A few days ago, I learned of an old friend from years ago who had recently passed away. After his death, I discovered that he had a Face Book page and it was still up. It got me thinking about how social media sites seem timeless, and I wondered what normally happens after the principal dies. This may seem like a bit of a stretch for a blog about family law issues, but there is probably some overlap between probate, family law and estate planning regarding how social media sites react to death and maybe divorce. Fortunately, I was able to find a answer to my question. For an excellent review of how Face Book, MySpace, various Google accounts and Twitter operate after a person's death, take a look at the recent post by Jacqui Cheng in Law & Disorder.

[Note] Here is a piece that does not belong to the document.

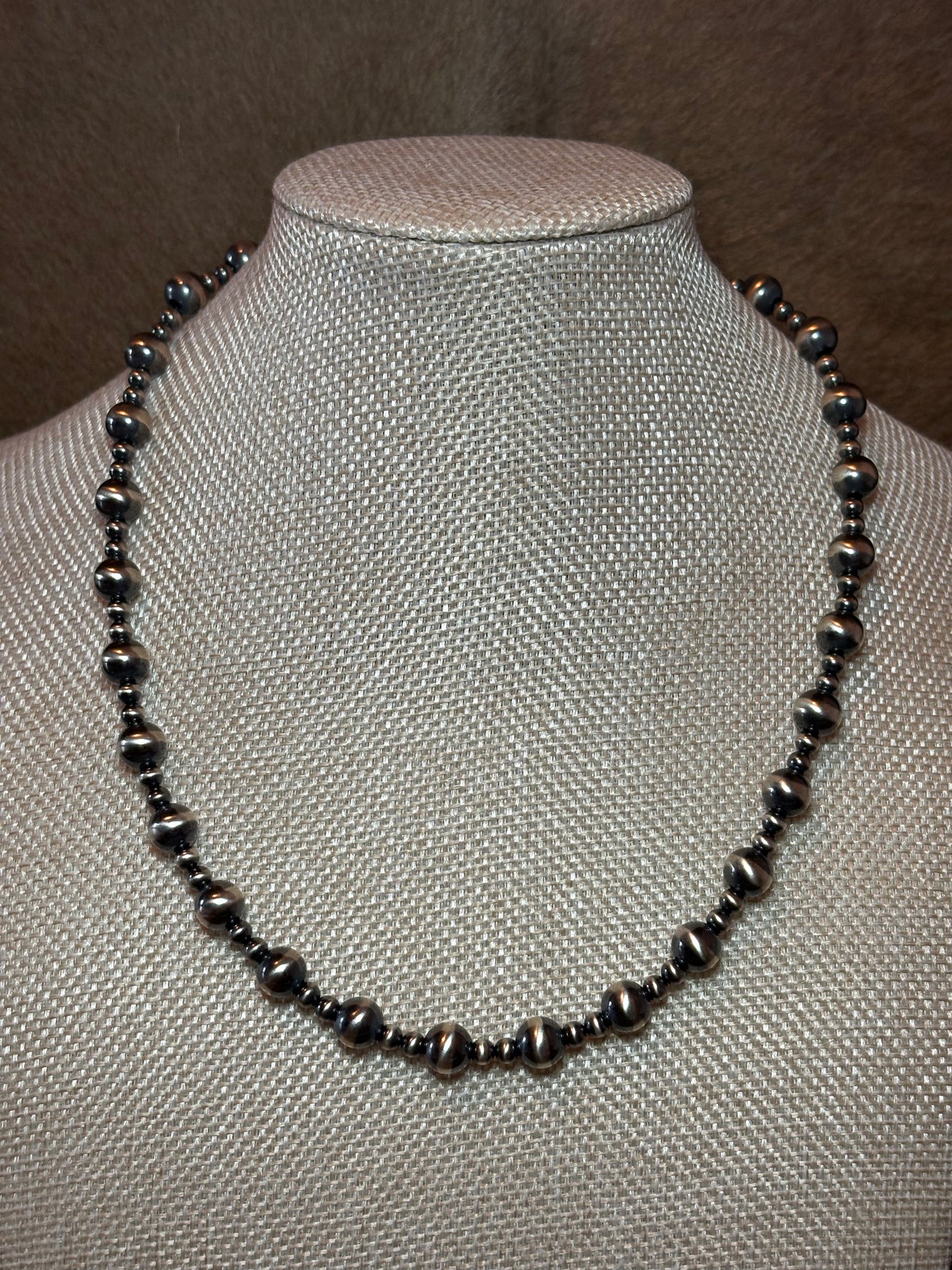 18-19.5" 4 & 8mm Sterling Pearl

I have previously written here and here and here about the increasingly prominent role of Internet postings on various social media sites that come up in divorce and other family law cases. These posts generally were cautioning people to be careful about what they write on Internet sites. (They also need to be careful about texting.)
Another possibility that I haven't seen addressed and haven't heard anything about yet is the possibility that an Internet site is a valuable asset which could be included in the property division in a divorce. There are certainly reports about blogs and web sites that become very profitable and generate large incomes. There is value in such a site, but it may be pretty difficult to put a value on it. On the other hand, something that produces thousands of dollars of income a month or year can't be ignored.

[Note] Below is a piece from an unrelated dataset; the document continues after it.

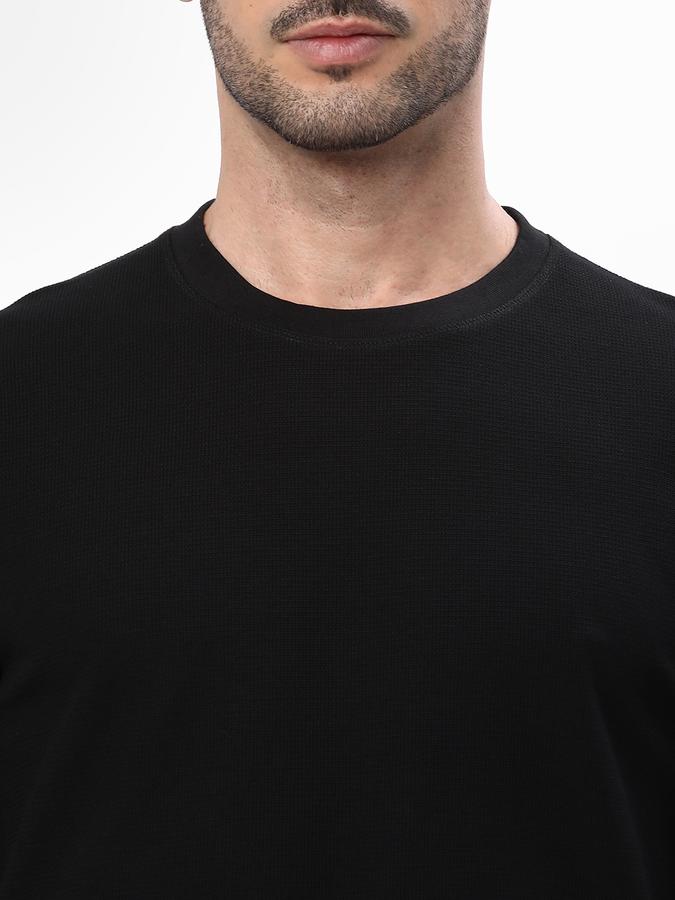R&B Men's Solid Full Sleeve Structured T-Shirt image number 3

In a similar vein, social media can have value that should or could be considered in a property division. A Face Book page might have some commercial value, depending on how it is focused and managed, and a Fan Page on Face Book is specifically available for businesses. Twitter accounts, You Tube and other new media can also have commercial value. The names associated with various social media, blogs or a web site can have commercial value and can be sold, just as a web site can be sold. Licensing agreements are becoming more popular in businesses that rely on the Internet, and the agreements can have value.
People should be aware of the potential issues that will arise in divorce cases where the parties have active on-line businesses and use the social media to promote them. If you or your spouse have such a business, be sure to let your attorney know. If anyone has had a divorce where ownership or value of an Internet business was an issue, please let us know about it and how it was resolved. Just like death, divorce will not necessarily end an on-line business.